In Python, given a dictionary with lists in the values, how do I sort the dictionary based on the amount of items in that list?

Question

I have a dictionary

d={'a': ['apple'], 'd': ['dog', 'dance', 'dragon'], 'r': ['robot'], 'c': ['cow', 'cotton']}

and I want to define a function that will order them by the size of the set. That is, since "d" has 3 items in the value, "c" has 2 items, and "a" and "r" each have one item, I want a dictionary in that order. So

d={'d': ['dog', 'dance', 'dragon'], 'c': ['cow', 'cotton'], 'a': ['apple'],  'r': ['robot']}

What I have so far is

def order_by_set_size(d):
    return sorted(d, key=lambda k: len(d[k]), reverse=True)

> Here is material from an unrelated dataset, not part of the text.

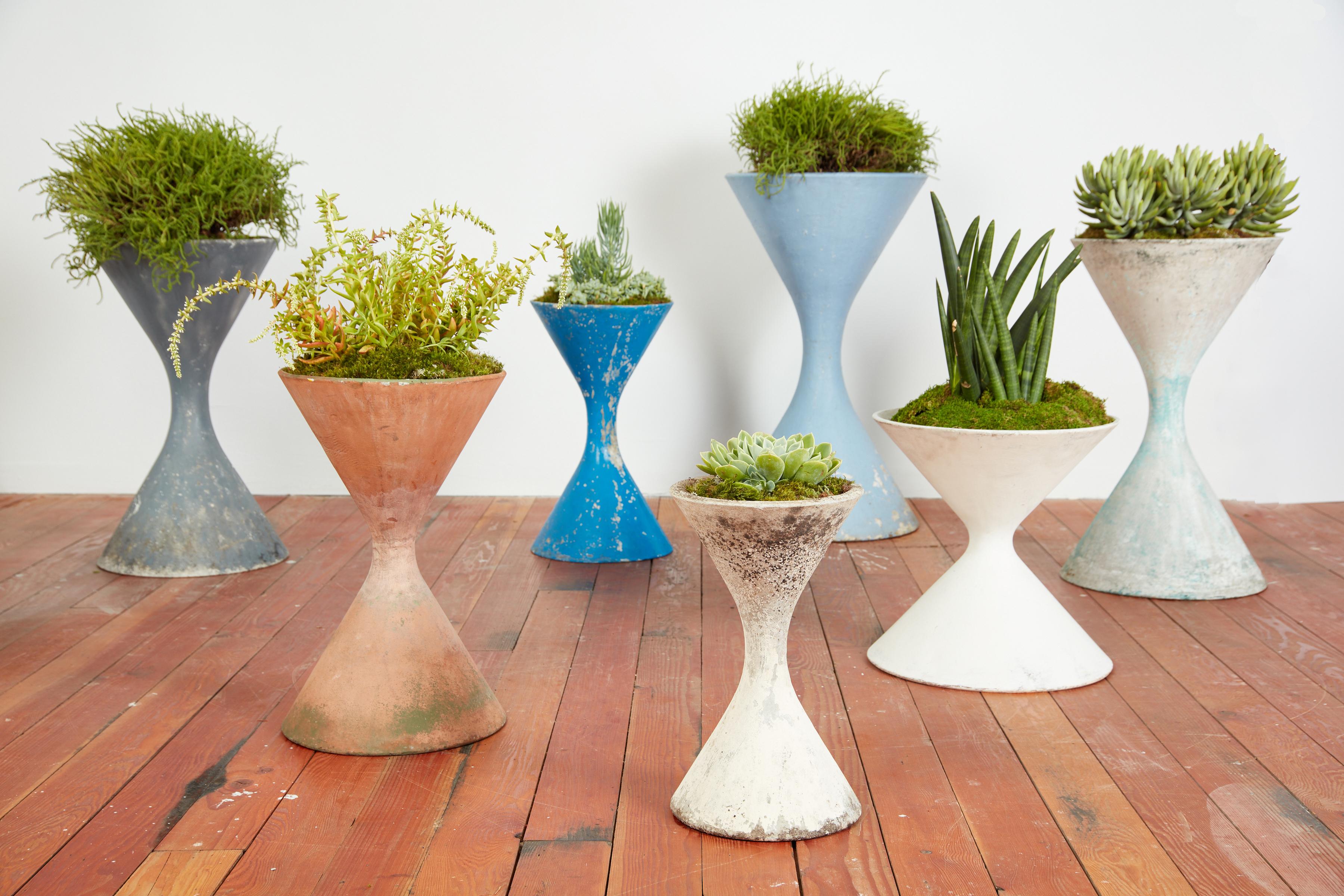 Wonderful collection of concrete hourglass planters by the Swiss Architect, Willy Guhl. Great age, patina and coloring. Iconic sculptural planter or garden object. This listing is for a 35.5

This gives me a list, but I can't figure out how to have it give me a dictionary. I've looked at a lot of other questions and tried different variations of code and this is as close as I can get.

(I'm using Python 3)

Answer 1

you need to use an OrderedDict see https://docs.python.org/3/library/collections.html#collections.OrderedDict

Based on their example

from collections import OrderedDict

d={'a': ['apple'], 'd': ['dog', 'dance', 'dragon'], 'r': ['robot'], 'c': ['cow', 'cotton']}
ordered = OrderedDict(sorted(d.items(),key=lambda t: len(t[1]),reverse=True))

Answer 2

Dictionaries are, by definition, unordered key-value pairs. Therefore, the code below is correct, as you can only get a list if you want it to be sorted. In other words, dictionaries cannot be sorted, so the task given is impossible.

def order_by_set_size(d):
    return sorted(d, key=lambda k: len(d[k]), reverse=True)